And then there's this new hobby of mine. I had requests (okay, one request) to write a whole blog post on this, but I decided against it for two reasons. First, I've reviewed a lot of things on the blog lately, and I don't want people to think that's all I do. Secondly, I cannot just write a blog post about this and let it sit like it's normal behavior. My new hobby, you see, is Pottermore. For those of you who do not know, for starters, we are no longer friends. Pottermore is the officially-licensed online world of Harry Potter. On Pottermore, you can take an "interactive" journey through, for now, the first book in the Harry Potter series. You enter into animated "moments" from the chapters and search for small gifts and new content from JK Rowling to unlock. Along the way, you buy school supplies, get a wand created just for you, and are sorted into your Hogwarts house by a weirdly intuitive Sorting Hat quiz.

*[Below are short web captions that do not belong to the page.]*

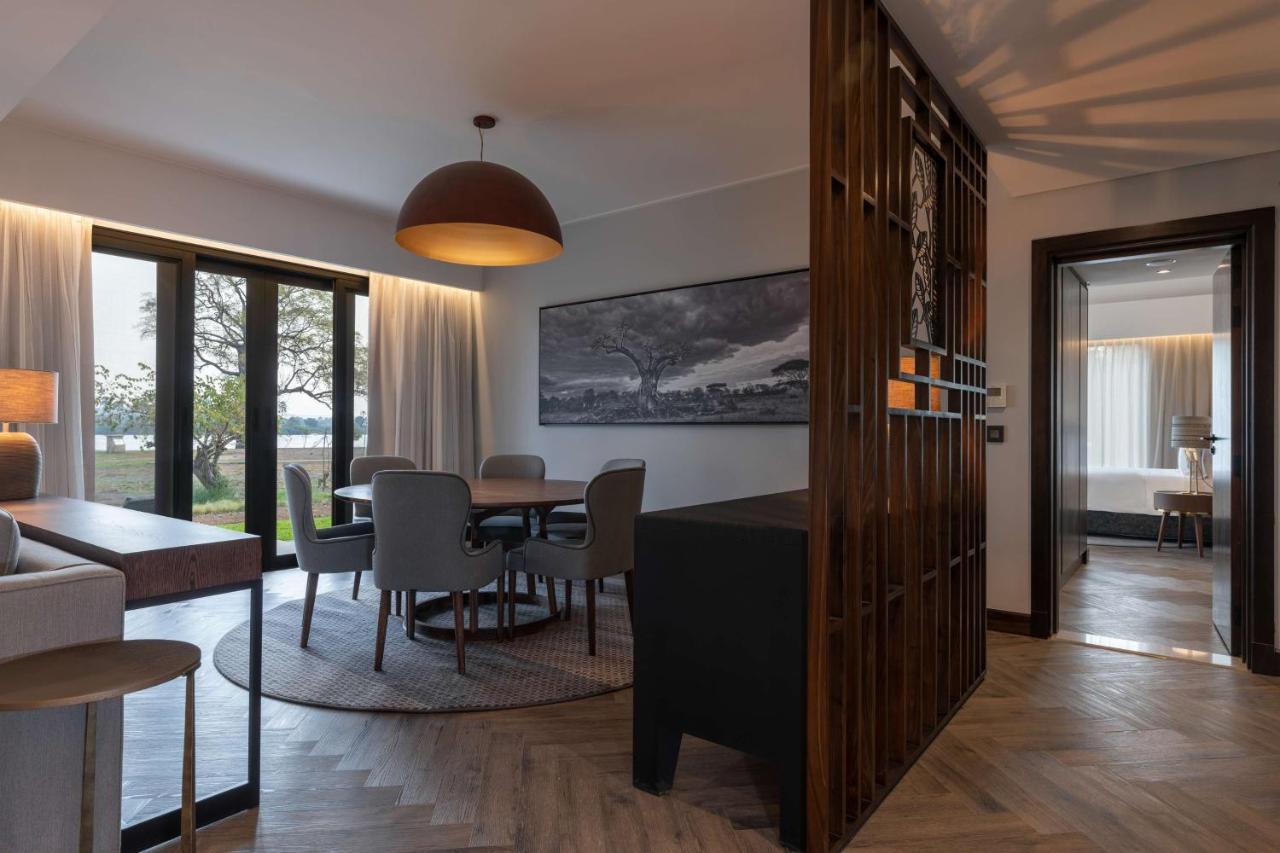 Radisson Blu Mosi-Oa-Tunya Livingstone Resort エクステリア 写真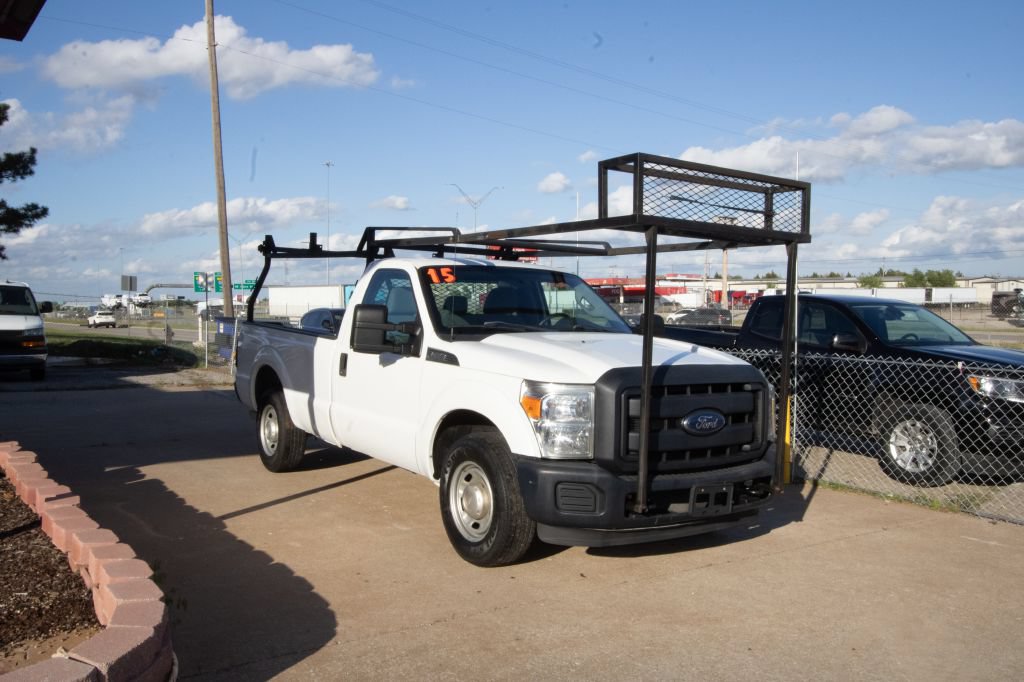 Used 2015 Ford F250 XL RWD image 1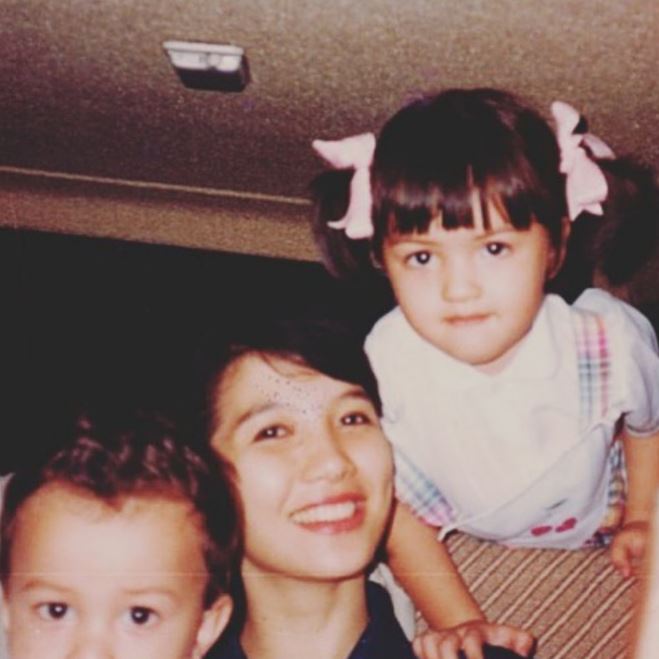 Potret lawas 10 ibu seleb saat muda, Amy Qanita bikin pangling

Though it was released last July, this weekend marked Pottermore's opening to the general public. I was finally able to join on Sunday night, and it is pretty much the best thing that has ever happened to me. For anyone who's curious, my wand is made of chestnut with a phoenix-feather core, and I am a proud Ravenclaw. For anyone who was still unclear, THIS IS WHAT I'M TALKING ABOUT WHEN I SAY THAT I AM A GIANT WEIRDO. I actually just talked about my magic wand and my Hogwarts house to potentially the entire internet. In case this wasn't bad enough, I wrote a poem about Pottermore on Sunday night to submit for a grade for my poetry class. Most of my Sunday brunch was spent discussing Pottermore with my similarly weird friends.
People of earth, my "normal human being" card should really be revoked! I am an unacceptably strange person, and based on the existence of this blog post, I apparently do not care who knows it. I listen to Hilary Duff while driving around town in 2012. I am a practicing member of Pottermore. I know how to speak Ubbi-Dubbi, that weird gibberish language that you vaguely remember them speaking on that TV show Zoom back when you were in elementary school. I may actually be the weirdest person I have ever met, but at the same time, I somehow manage to still be cooler than, like, sooo many 12-year-olds. This is a pretty good existence. In closing, then, I will leave you with this: my Pottermore username is FlightMist24736, and you should add me as a friend.
SEE?? I'm insufferable.
In other news, if you're wondering, no, it is not too early to ask me to the Dome Dance that Howard will be having at some indeterminate point in the 2012-2013 school year. Hint, hint.